Aus der Präsidentschaftskanzlei heißt es dazu: "Der Bundespräsident weist darauf hin, dass es aus seiner Sicht für nicht straffällig gewordene Personen in Schubhaft im Normalfall keine ausreichende gesetzliche Grundlage für Zwangsernährung gibt. Der Bundespräsident hat den Wunsch geäußert, informiert zu werden, wenn sich dennoch ein Fall ergibt."

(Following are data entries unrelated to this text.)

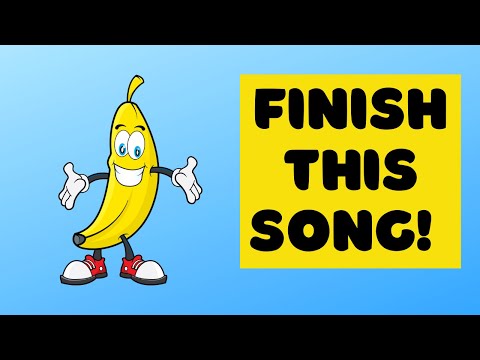 [FREE] Songwriter Upbeat Acoustic Folk/Country Song Backing Track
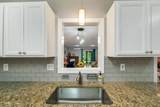 55 Lyric Lane - Photo 17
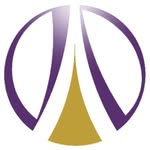 Autium Revolutionary Jewellery's profile picture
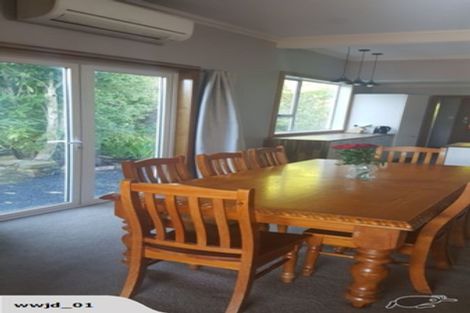 Photo of property in 41 Manapouri Street, Ravensbourne, Dunedin, 9022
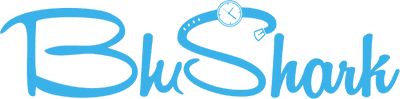 BluShark Straps Coupons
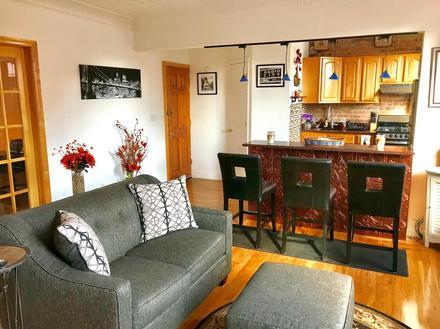 Foto del edificio - 4910 Vernon Blvd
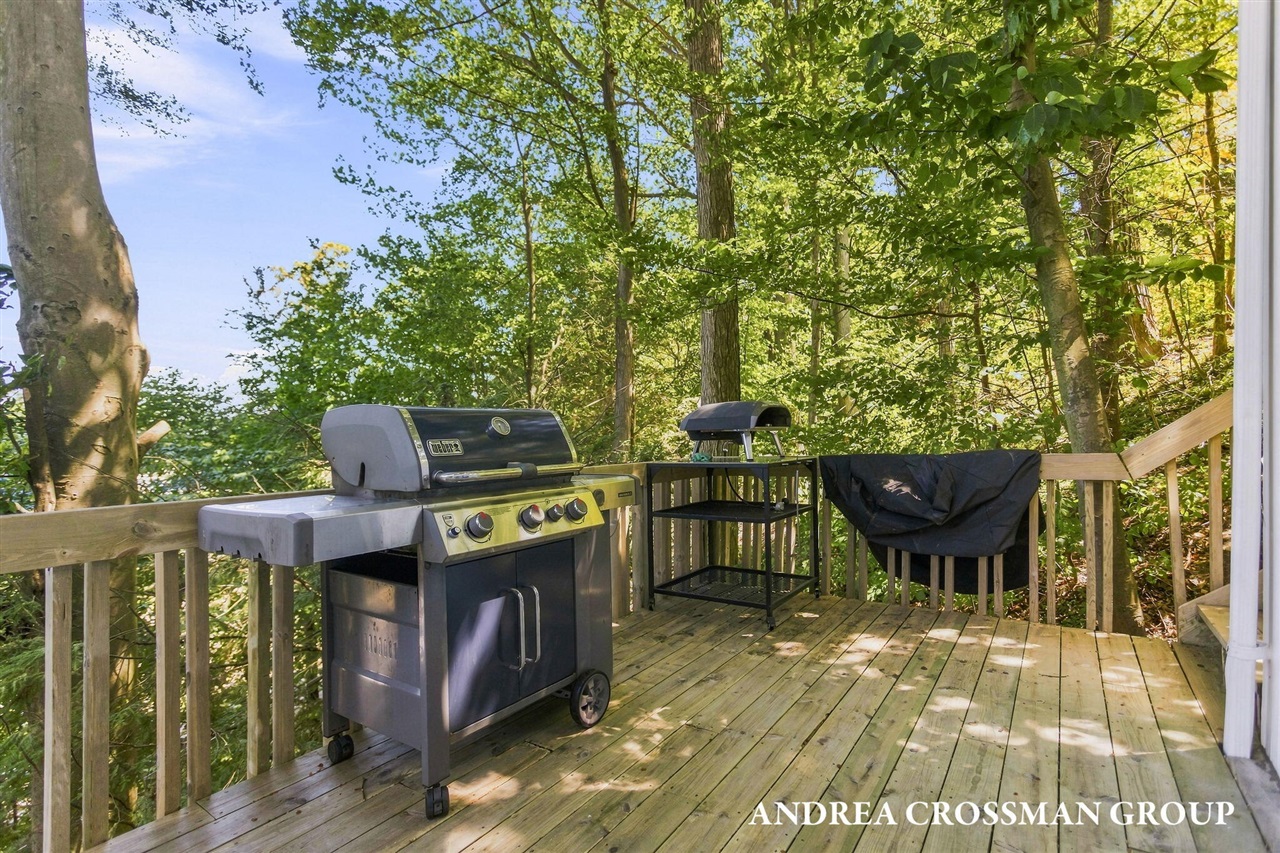 main property photo 81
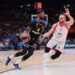 Olimpia Milano
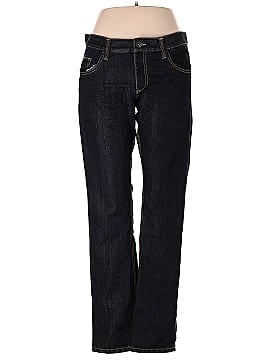 Zip Code Jeans (view 1)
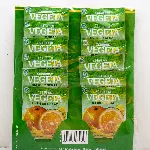 VEGETA SCRUBBER
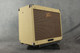 Peavey Classic 30 Combo - Tweed **COLLECTION ONLY** - 2nd Hand Peavey Classic 30 Combo - Tweed **COLLECTION ONLY** - 2nd Hand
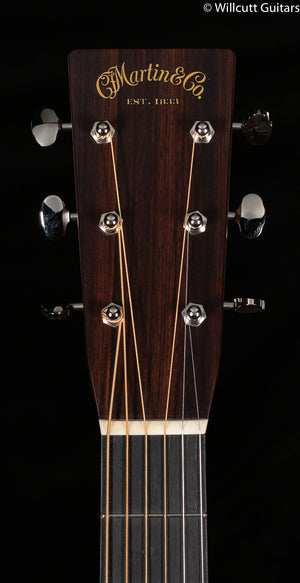Martin Custom Shop 000-28 Authentic 1937 Ambertone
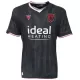 West Bromwich Albion Tredjedrakt Herre 2025-26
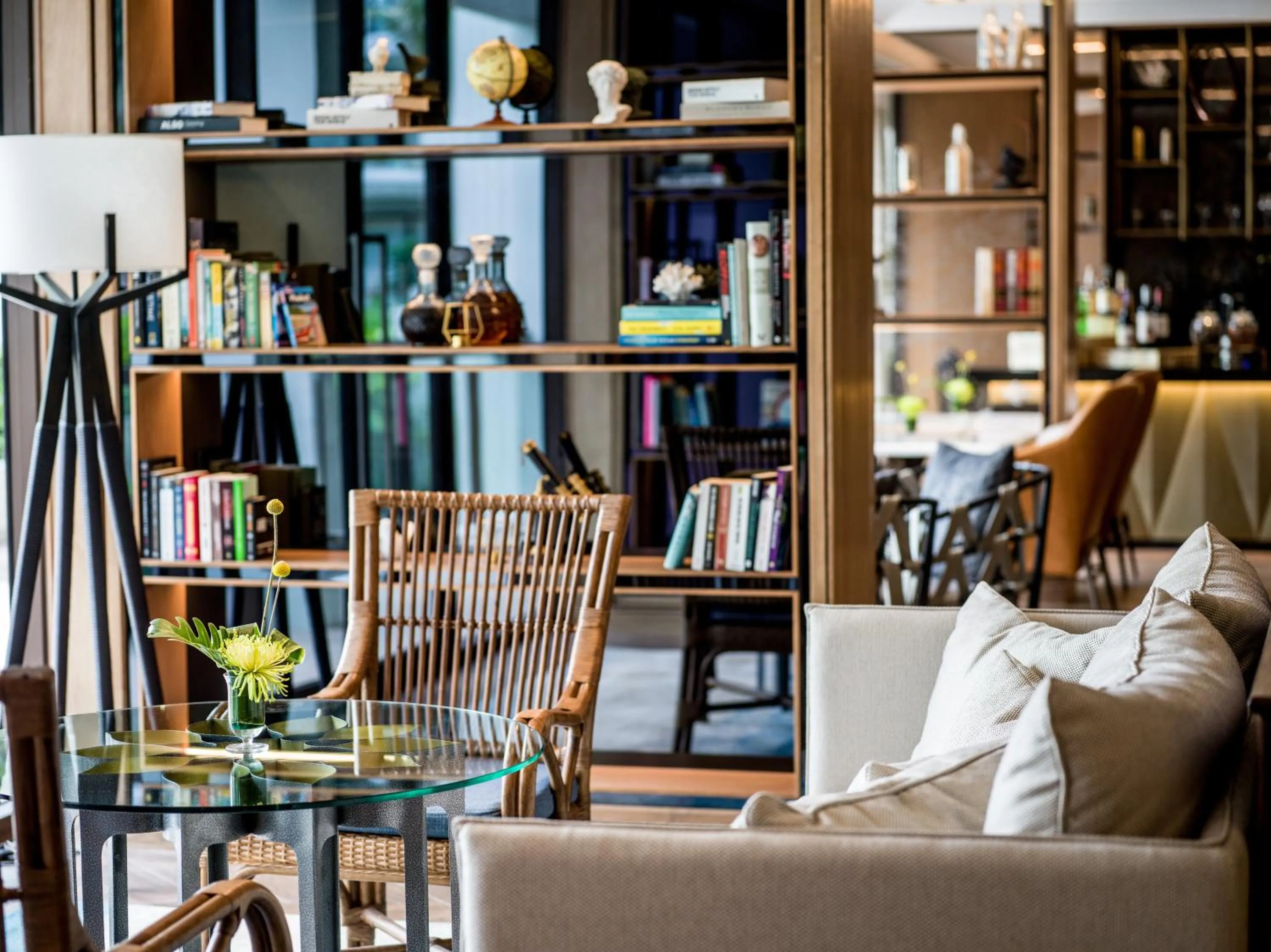 Other in InterContinental Phuket Resort by IHG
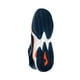 thumbnail image 4 of Zapatilla Pádel Hombre Master 1000 Azul Joma, 4 of 4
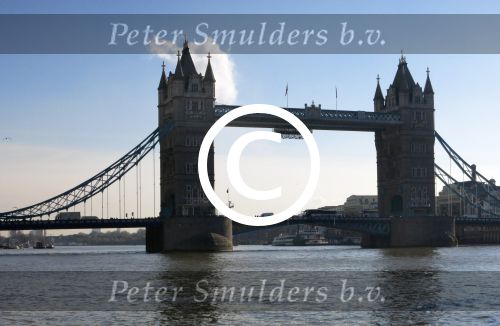 Londen, 3 -4 en 5 November 2014
Harrods, Tower Bridge, Ondergrondse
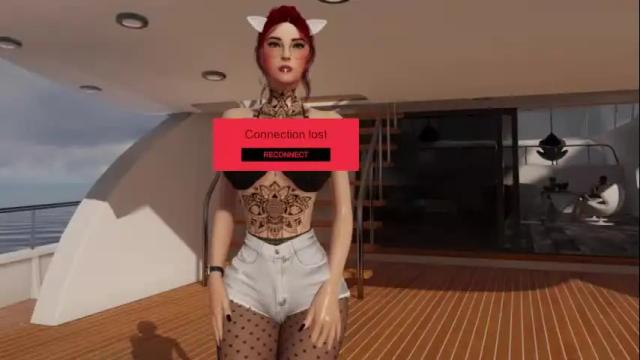 Image 12 of samyx_25 Stream on Chaturbate on 5 days ago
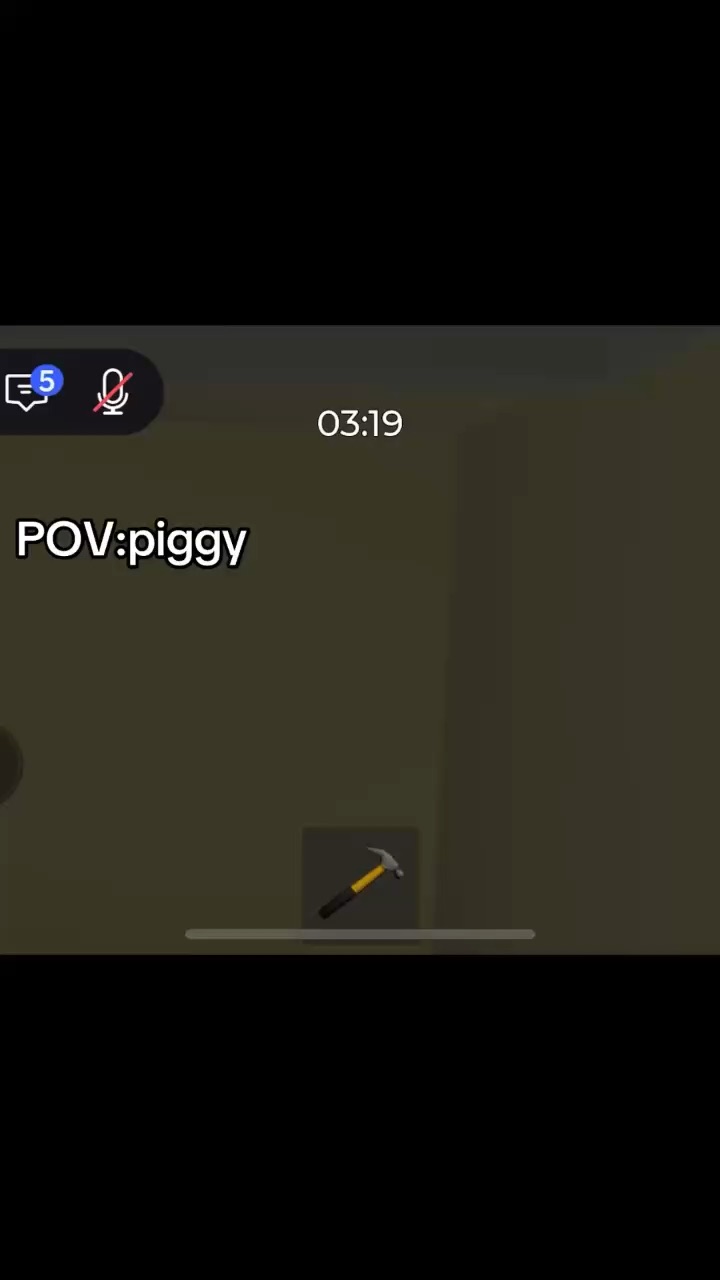 Roblox funny game play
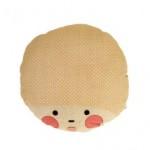 coussin-enfant-madame-la-camille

Prokop betont im STANDARD-Gespräch, dass sich im vergangenen Jahr 1072 Personen durch Hungerstreik aus der Schubhaft freigepresst hätten. Künftig soll ein Hungerstreikender in eine Krankenanstalt verlegt werden, wo die erforderliche Behandlung eingeleitet werde, wenn er seine Gesundheit schädige und seine Abschiebung bereits feststehe und durchsetzbar sei. Im Einzelfall werde auch Zwangsernährung möglich sein. Angesichts der Kritik an der Zwangsernährung erklärte Bundeskanzler Wolfgang Schüssel, es dürfe nicht möglich sein, sich aus Schubhaft freizupressen. "Ein Land darf sich nicht erpressen lassen."

Die SPÖ behauptet nach wie vor, dass eine Zwangsernährung gar nicht möglich sei, deshalb habe man dem Gesetzesentwurf auch zugestimmt. Die Optik in der ganzen Angelegenheit sei "im höchsten Maß unerfreulich", beklagte SPÖ-Klubchef Josef Cap. Wenn ein Hungerstreikender ins Koma zu fallen drohe, müsse er auch in Zukunft entlassen werden, glauben die Klubjuristen. Warum in den Erläuterungen zum Gesetz die Möglichkeit der Zwangsernährung überhaupt enthalten ist, konnte Cap nicht erklären.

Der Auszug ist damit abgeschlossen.